In this paper, we study the submodular hitting set problem (SHSP), which is a variant of the hitting set problem. In the SHSP, we are given a supergraph \(H = (V, \mathcal{C})\) and a nonnegative submodular function on the set \(2^{V}\). The objective is to determine a vertex subset to cover all hyperedges such that the cost of submodular covering is minimized. Our main work is to present a rounding algorithm and a primal-dual algorithm respectively for the SHSP and prove that they both have the approximation ratio \(k\), where \(k\) is the maximum number of vertices in all hyperedges.
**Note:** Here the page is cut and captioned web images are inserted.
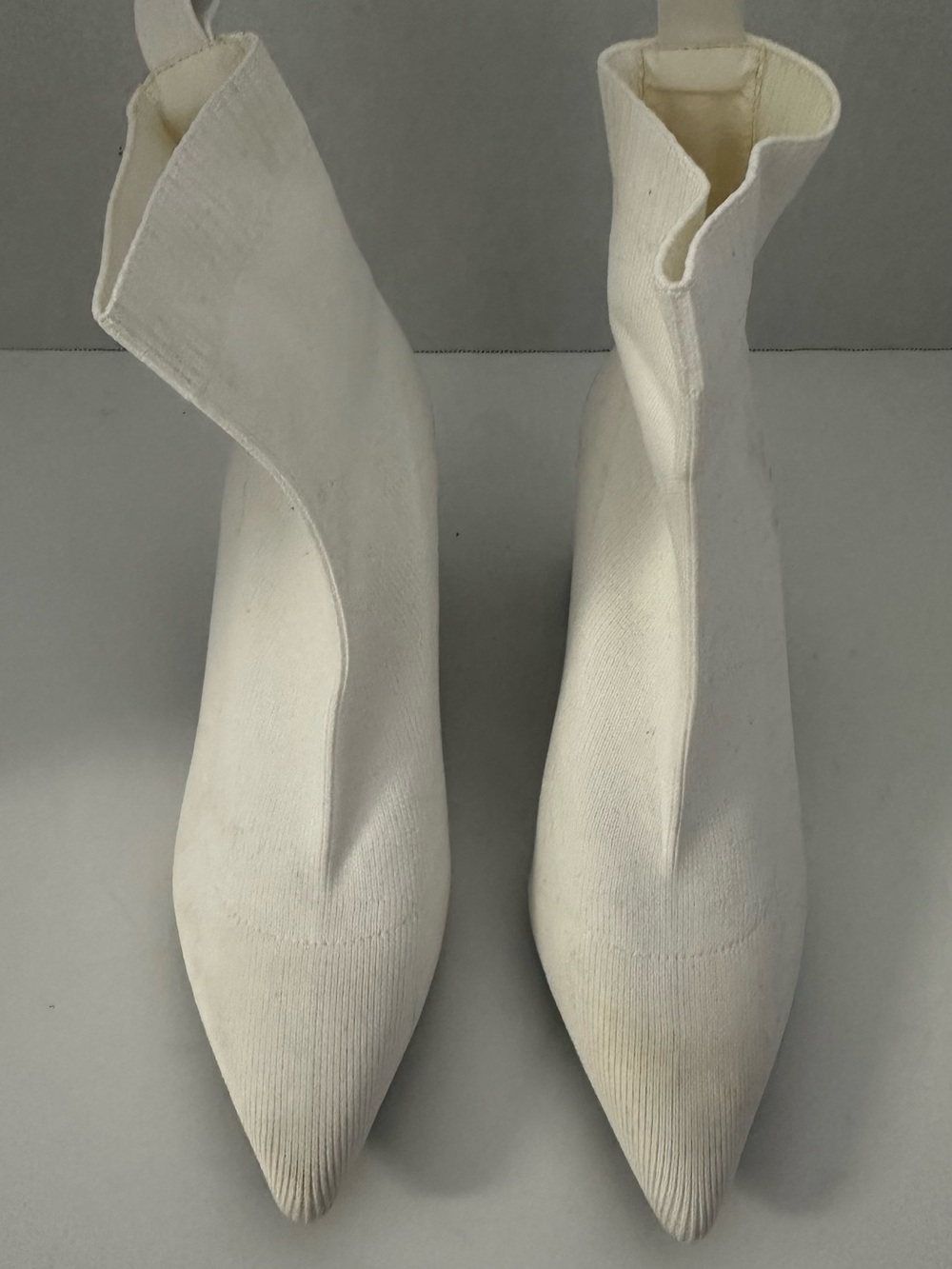 White Pointed Toe Sock Boots - Unbranded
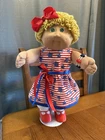 1980s Cabbage Patch Kid Blonde Hair Green Eyes Patriotic Stars And Stripes Dress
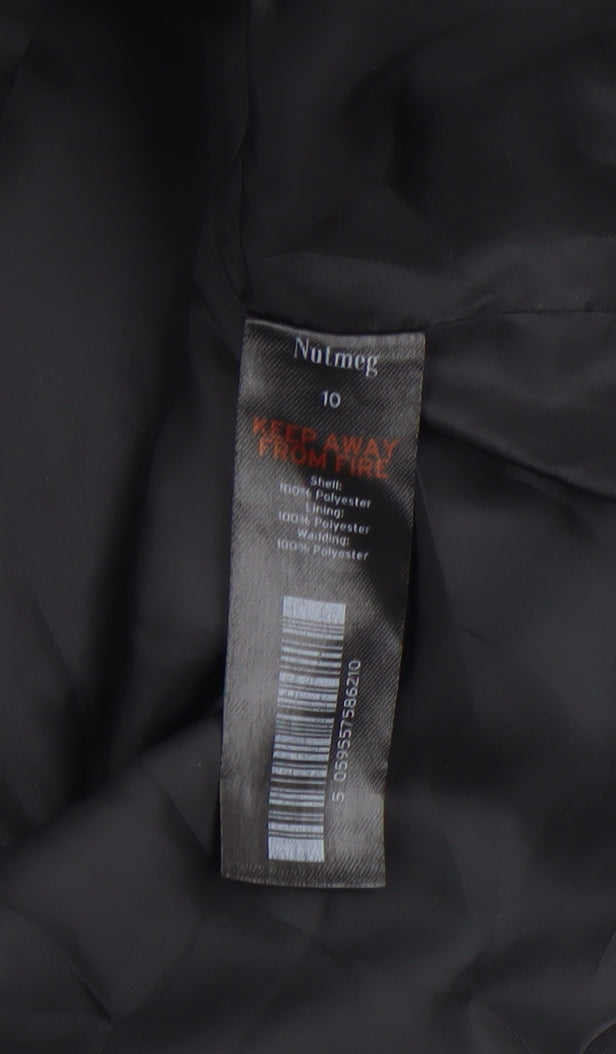 Nutmeg Womens Black Quilted Puffer Jacket Size 10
The hitting set problem involves a supergraph \(H = (V, \mathcal{C})\), where \(V\) is a finite set with elements called vertices and \(\mathcal{C}\) is a family of subsets of \(V\) called hyperedges. Let \(k\) be the maximum size of all hyperedges and \(\Delta\) be the maximum degree of all vertices. A hitting set of \(H\), also called a vertex cover of \(H\), is a subset \(X\subseteq V\) such that each hyperedge in \(\mathcal{C}\) contains at least one vertex from \(X\). The hitting set problem is to select a vertex subset of minimum size. For each vertex \(u\in V\), if there is an associated nonnegative weight cost \(w(u)\), we obtain the weighted version of the problem, the goal of which is to select a vertex subset of minimum covering cost. The minimum hitting set problem is NP-hard [] and it is one of the fundamental combinatorial optimization problems. In this case, it is conventional that for any subset \(X\) of \(V\) the covering cost of \(X\) is the sum of the covering cost of all vertices in \(X\), that is, \(w(X)=\sum\limits_{u\in X}w(u)\). Then this function \(w(\cdot)\) induces a linear function from \(2^{V}\) to \(R_{+}\).
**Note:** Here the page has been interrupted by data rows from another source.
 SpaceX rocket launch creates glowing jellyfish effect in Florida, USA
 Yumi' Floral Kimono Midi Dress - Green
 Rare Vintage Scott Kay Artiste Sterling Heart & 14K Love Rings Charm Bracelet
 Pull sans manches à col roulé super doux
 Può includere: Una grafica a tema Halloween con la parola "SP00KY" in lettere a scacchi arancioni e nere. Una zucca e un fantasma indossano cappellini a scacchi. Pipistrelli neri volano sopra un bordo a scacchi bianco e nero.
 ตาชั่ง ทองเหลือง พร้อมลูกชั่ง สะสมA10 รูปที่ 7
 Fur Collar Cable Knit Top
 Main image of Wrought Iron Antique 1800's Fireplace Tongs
Most results of decision problems in combinatorial optimization, such as trees or cuts, vertex cover in graphs, facility location, set cover, are in general asking for the linear costs. However, nonlinear costs are more realistic in many settings and there have existed some works in the area of combinatorial optimization problems with submodular costs. Assume \(E\) is a nonempty set and \(2^{E}\) is the power set of \(E\). Let \(F(\cdot): 2^{E}\rightarrow R_{+}\) be a nonnegative-valued set function. We call \(F(\cdot)\) submodular if for any \(X, Y\in 2^{E}, F(X\cup Y)+F(X\cap Y)\leq F(X)+F(Y)\) and \(F(\cdot)\) modular if the equality holds. It is obvious that all modular functions are submodular and so all linear functions. We call \(F(\cdot)\) monotone if \(F(X)\leq F(Y)\) for each pair of subsets \(X, Y\in 2^{E}\) with \(X\subseteq Y\). Submodular functions occur very often in a variety of subjects such as economics, engineering, computer science and management science. There is a greedy approximation which achieves an approximation ratio of \(H(\Delta)\) for the hitting set problem with linear costs, where \(H(\Delta)\) is the \(\Delta\)-th harmonic number [1]. Moreover, using the greedy approximation, Wan et al. [2] gave some similar results for the hitting set problem with submodular costs.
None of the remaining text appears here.